Hard Candy and Vic Concours for me.


----------



## buff not enuf (Sep 29, 2008)

Swissvax Autobahn Colacubes


----------



## Dipesh (Oct 12, 2007)

Dodo BV for me! i love it!


----------



## steeleez (Jan 10, 2006)

Zymol vintage smells lush!


----------



## R32rob (Feb 26, 2008)

Pete's 53 and Onyx get my nostrels going everytime!


----------



## Chris_4536 (Sep 20, 2006)

Eddy said:


> XXX hardcore paste wax is orgasmic


Seconded!

Plus this one.... mmmmmmm;










Deeee-lish!


----------



## Miglior (Feb 12, 2006)

I think the best smelling Wax By Far Is Swissvax Opaque! The Stuff for Matt Paint and Foils


----------



## millns84 (Jul 5, 2009)

Definitely nattys red, it makes waxing even more enjoyable unlike FK1000P which smells like a petrol station


----------



## ajc347 (Feb 4, 2009)

Dodo RBJE, Rainforest Rub and Swissvax Onyx all tie as the best smelling wax for me. :thumb:


----------



## Blazebro (May 18, 2007)

Pete's 53. Smells of Hawaiin Tropic sun tan lotion. You can even smell it on the car a couple of days later.


----------



## johnz_01 (Apr 27, 2010)

Nattys red has a nice smell but knowing me il find another nice smelling one when i buy more stuff


----------



## johnz_01 (Apr 27, 2010)

Chris_4536 said:


> Seconded!
> 
> Plus this one.... mmmmmmm;
> 
> ...


Wheres the spoon bud? lol


----------



## sargent (Aug 25, 2009)

Onyx


----------



## Ross (Apr 25, 2007)

The hard one of this pair of beautys smells superb


----------



## MAXI-MILAN (Oct 26, 2008)

Best Smelling Wax Top 3 :
-Swissvax BOS
-RaceGlaze 55 
-Victoria Concours

Is there a perfume-like Swissvax BOS smell ? :lol:


----------



## aston_87 (Apr 5, 2006)

ryanuk said:


> poorboys blue!!!!!


QFT

Smells like bubble gum


----------



## dooka (Aug 1, 2006)

For me its:

Carbon,
Glasur
Diamond White..

They are my favs when it comes to smell..

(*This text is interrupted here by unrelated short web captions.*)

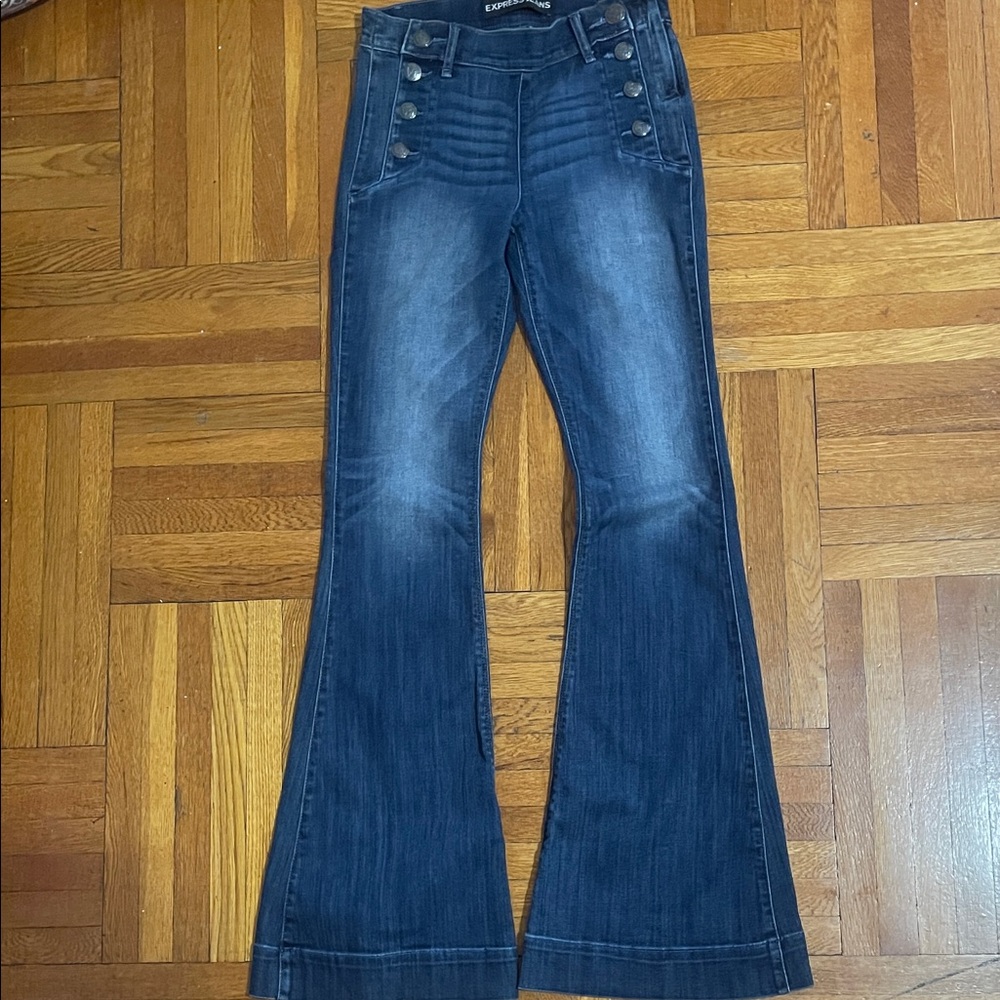 Express High Rise Buttoned Blue Jeans - Picture 2 of 6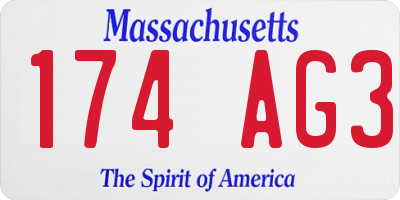 MA license plate 174AG3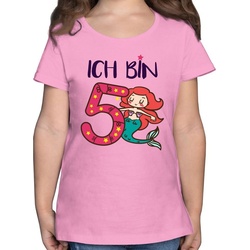 Shirtracer T-Shirt Ich bin fünf Meerjungfrau – 5. Geburtstag – Mädchen Kinder T-Shirt tshirt 5 jahre mädchen – meerjungfrau t shirt rosa 116 (5/6 Jahre)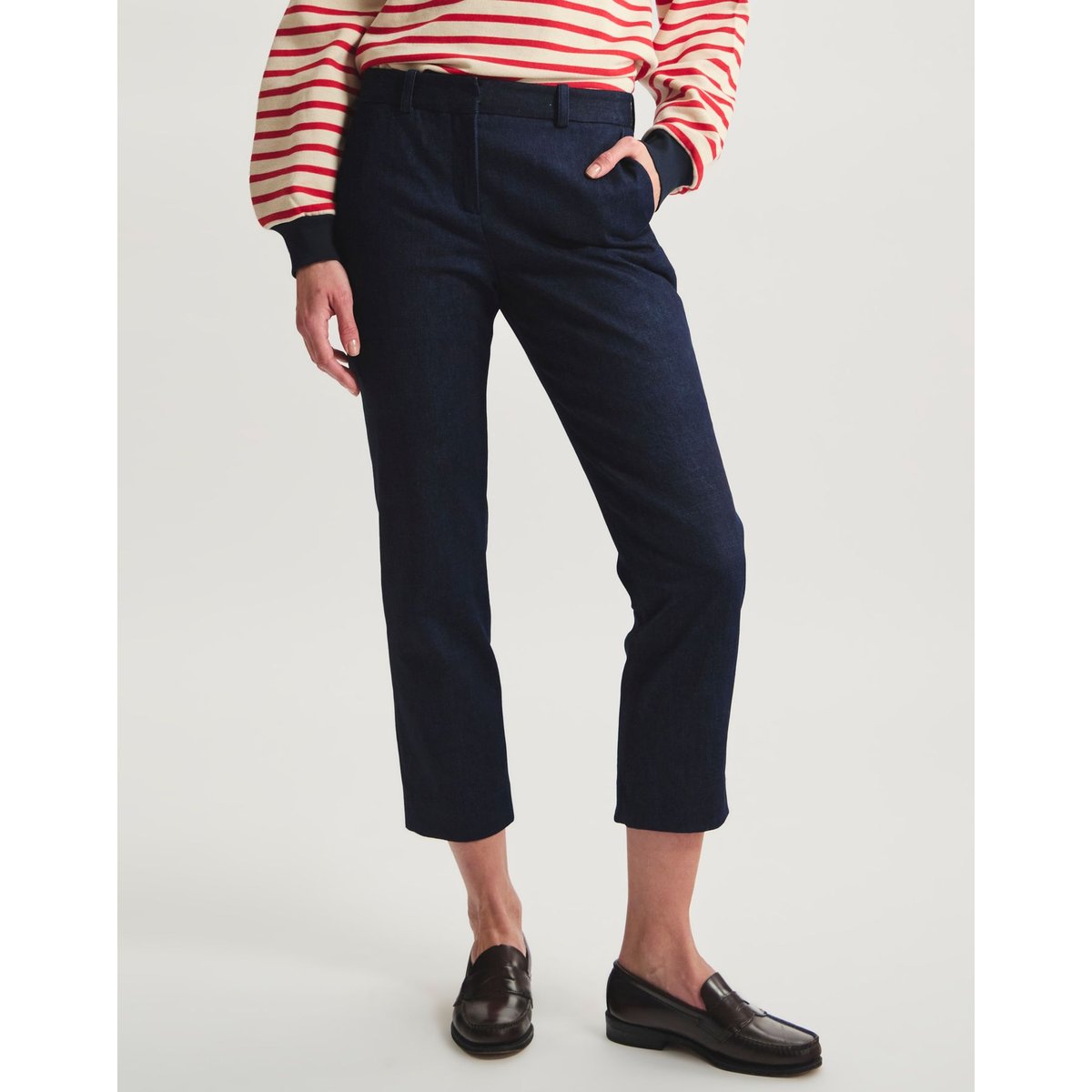 Pantalon Audrey en coton bleu, INES DE LA FRESSANGE PARIS
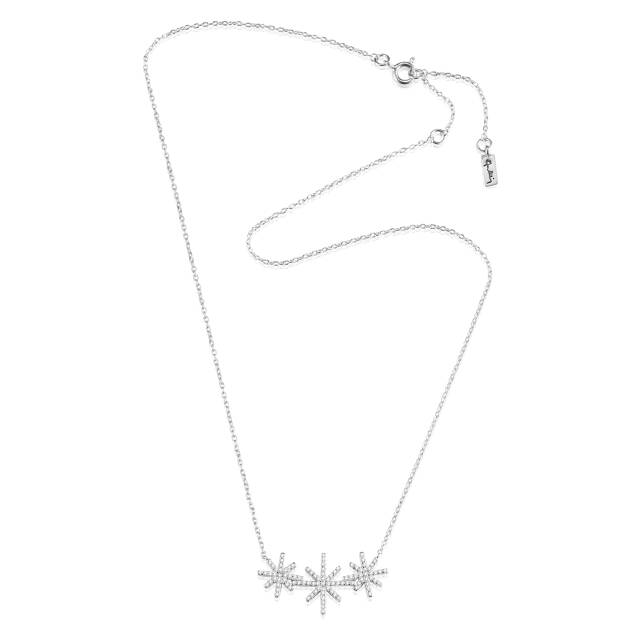 Beam & Stars Triple Necklaces Silver 42-45 cm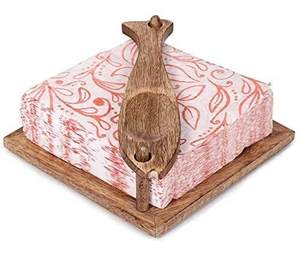 Porte-serviettes en bois à base carrée avec porte-cure-dents vertical en forme de poisson, accessoire de cuisine de table, taille moyenne - Product Image 5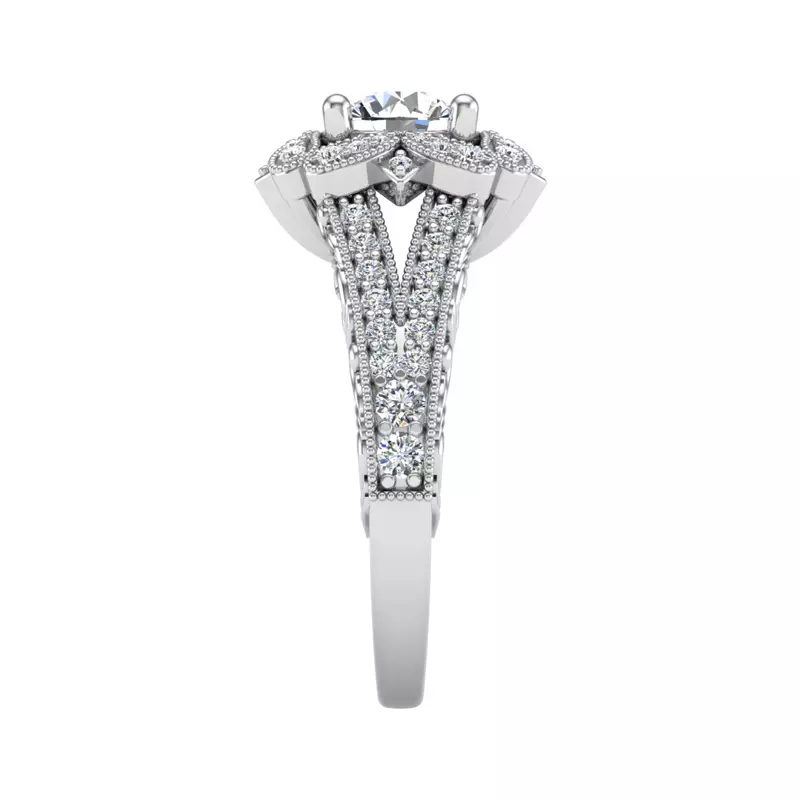 18K White Gold Lilith Halo Engagement Ring
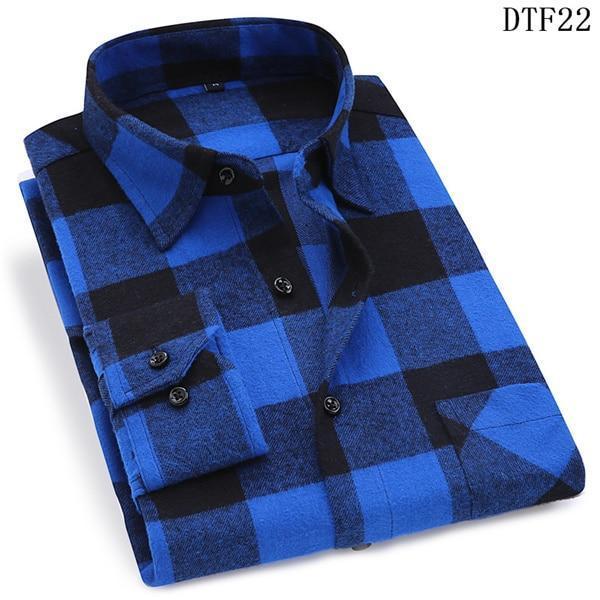 Men Flannel Plaid Shirt 100% Cotton Spring Autumn Casua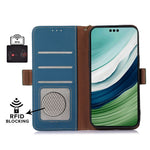 For Huawei Mate 60 Pro RFID Blocking Wallet Genuine Cow Leather Case Silky Feeling Phone Cover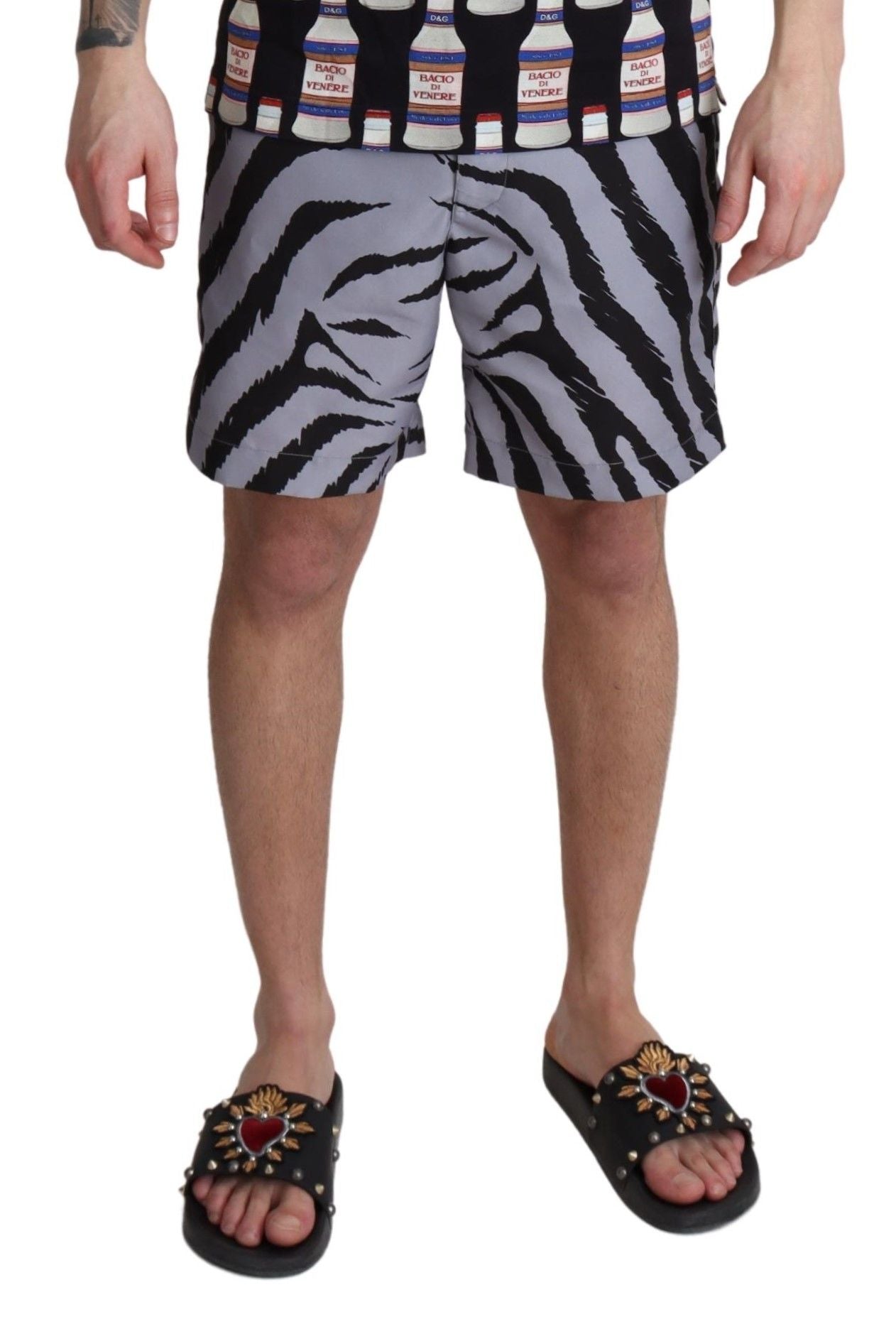 Dolce & Gabbana Gray Zebra Print Beachwear Shorts - Zeiniez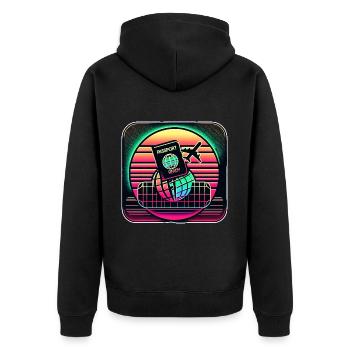 Passport Ready 11 - Unisex Premium Bio Zip Hoodie - Schwarz - Hinten - Nico (187cm)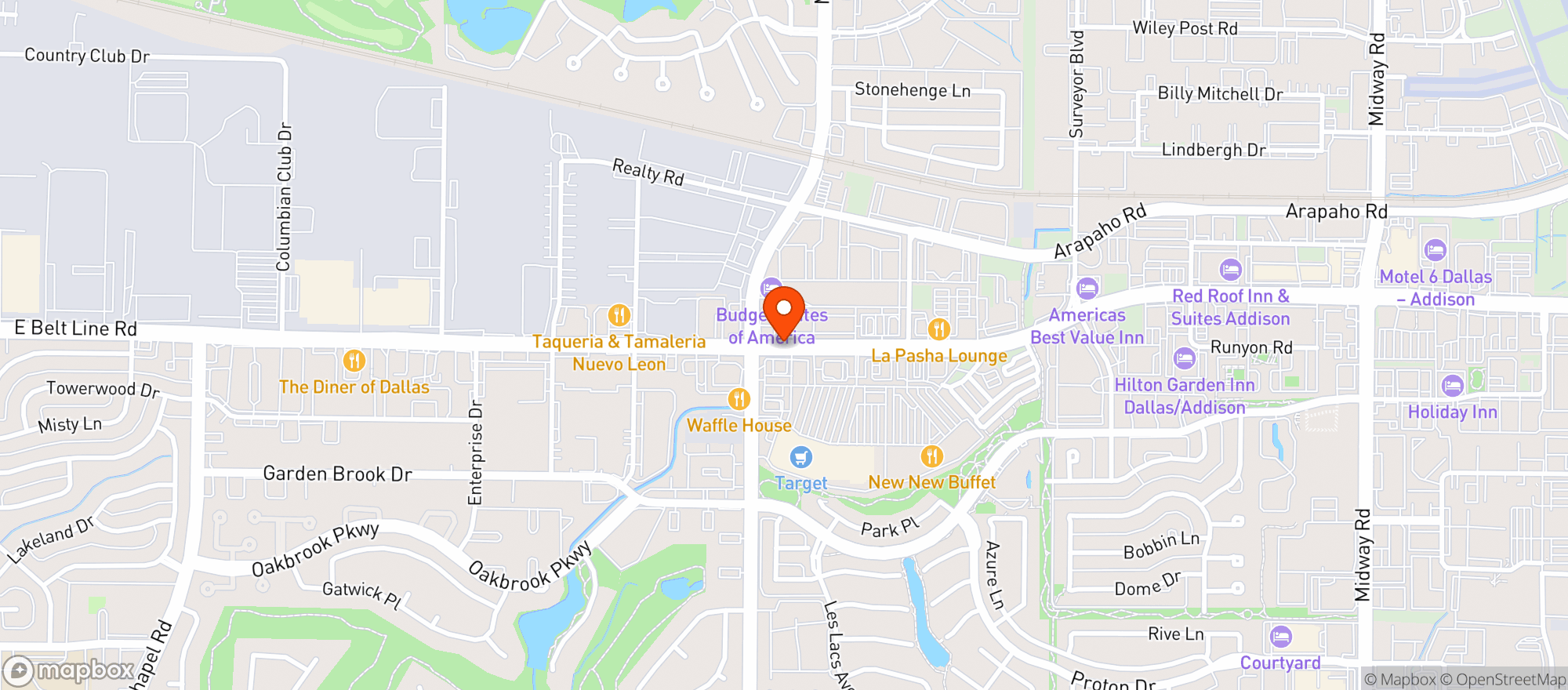 Map showing Whole Foods - Addison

If you like pepermint that makes your eyes water get some ultramint..


----------



## EthanCrawford (Jan 7, 2010)

Minglorie wheel seal for me amazing smell of oranges


----------



## PremierDetail (Aug 23, 2008)

Swissvax Onyx and the other ones that smell like passion fruit/mango. A client actually tasted it, sadly it only smells good.


----------